In August 2022, the Company entered into the Sixth Amendment to the Senior Credit Agreement with Oaktree (the "Sixth Amendment"). The Sixth Amendment released the $7.5 million of Segregated Funds to the Company and required the Company to prepay an additional $6.9 million of the Senior Credit Agreement. The Company was also required to pay (i) accrued and unpaid interest and (ii) a 5.0% fee, allocated as a 2.0% Exit Fee and a 3.0% Prepayment Fee (each as defined in the Senior Credit Agreement), on the principal amount being repaid.

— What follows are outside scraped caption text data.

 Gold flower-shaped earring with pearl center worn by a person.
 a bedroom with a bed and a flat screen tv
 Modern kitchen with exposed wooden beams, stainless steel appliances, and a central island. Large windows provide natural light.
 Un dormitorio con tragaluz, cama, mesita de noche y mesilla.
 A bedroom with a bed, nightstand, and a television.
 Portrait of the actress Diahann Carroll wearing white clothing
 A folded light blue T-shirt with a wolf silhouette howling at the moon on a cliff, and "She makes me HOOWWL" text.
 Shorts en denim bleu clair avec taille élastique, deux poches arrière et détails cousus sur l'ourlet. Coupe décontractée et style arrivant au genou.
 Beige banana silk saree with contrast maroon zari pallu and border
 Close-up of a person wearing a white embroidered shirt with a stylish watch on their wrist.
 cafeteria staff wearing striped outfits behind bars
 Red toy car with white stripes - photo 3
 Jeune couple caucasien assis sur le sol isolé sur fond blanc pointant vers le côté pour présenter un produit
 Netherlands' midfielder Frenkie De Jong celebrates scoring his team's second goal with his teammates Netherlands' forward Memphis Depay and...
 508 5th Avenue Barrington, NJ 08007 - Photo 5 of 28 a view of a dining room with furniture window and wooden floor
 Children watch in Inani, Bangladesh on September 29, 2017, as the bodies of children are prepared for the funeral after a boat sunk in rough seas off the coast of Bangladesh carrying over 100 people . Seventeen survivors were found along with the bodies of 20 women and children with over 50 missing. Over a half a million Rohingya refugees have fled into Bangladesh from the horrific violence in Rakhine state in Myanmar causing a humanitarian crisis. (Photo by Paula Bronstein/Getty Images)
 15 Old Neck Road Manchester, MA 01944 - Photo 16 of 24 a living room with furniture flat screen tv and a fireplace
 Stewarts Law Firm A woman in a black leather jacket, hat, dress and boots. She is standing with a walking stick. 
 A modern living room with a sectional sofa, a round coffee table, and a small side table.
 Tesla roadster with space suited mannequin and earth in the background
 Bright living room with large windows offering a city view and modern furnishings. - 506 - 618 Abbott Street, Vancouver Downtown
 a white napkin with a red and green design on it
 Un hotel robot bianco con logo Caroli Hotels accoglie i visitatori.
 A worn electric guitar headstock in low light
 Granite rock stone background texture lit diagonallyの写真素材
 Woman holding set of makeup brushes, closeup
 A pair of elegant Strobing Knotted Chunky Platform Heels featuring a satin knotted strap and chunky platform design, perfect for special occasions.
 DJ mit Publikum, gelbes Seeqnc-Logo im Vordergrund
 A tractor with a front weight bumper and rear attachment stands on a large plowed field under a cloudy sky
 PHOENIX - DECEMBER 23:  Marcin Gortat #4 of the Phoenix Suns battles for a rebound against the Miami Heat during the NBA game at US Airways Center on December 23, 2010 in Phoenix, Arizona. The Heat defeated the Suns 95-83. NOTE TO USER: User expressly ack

In early March 2023, the Company received notices of certain alleged defaults and reservations of rights from Oaktree. The alleged defaults relate to (i) the Company exceeding the $10.0 million threshold for incurring additional indebtedness by having accounts payable owed to counterparties overdue by more than 90 days, (ii) the Company’s obligation to provide notice to Oaktree related to the foregoing, and (iii) the Company’s obligation to provide notice to Oaktree regarding the recent reverse stock split. Upon the occurrence of an Event of Default, Oaktree has the right to accelerate all amounts outstanding under the Senior Credit Agreement, in addition to other remedies available to it as a secured creditor of ours. If Oaktree accelerates the maturity of the indebtedness under the Senior Credit Agreement, the Company does not have sufficient capital available to pay the amounts due on a timely basis, if at all, and there is no guarantee that the Company would be able to repay, refinance or restructure the payments due under the Senior Credit Agreement. The Company responded to Oaktree, which included grounds upon which the Company disputes each of the alleged defaults. The Company has not reached a mutual agreement with Oaktree on this matter, and given the Company is in receipt of the notices of default and reservation of rights, which could result in payment to Oaktree on demand, the amounts due and outstanding to Oaktree are presented as a current obligation of the Company.

As of December 31, 2022 and 2021, the Company's outstanding principal on the Senior Credit Agreement with Oaktree amounted to $44.7 million, and $150.0 million, respectively. Refer to Note 12 - Debt and Lease Obligations for additional information.

Reverse Stock Split

On February 15, 2023, the Company effected a 20:1 reverse stock split of its common stock in order to regain compliance with Nasdaq's continued listing requirements. All share and per share amounts, and exercise prices of stock options, warrants, and pre-funded warrants, if applicable, in the consolidated financial statements and notes thereto have been retroactively adjusted for all periods presented to give effect to this reverse stock split. Refer to Note 21 - Subsequent Events for additional information.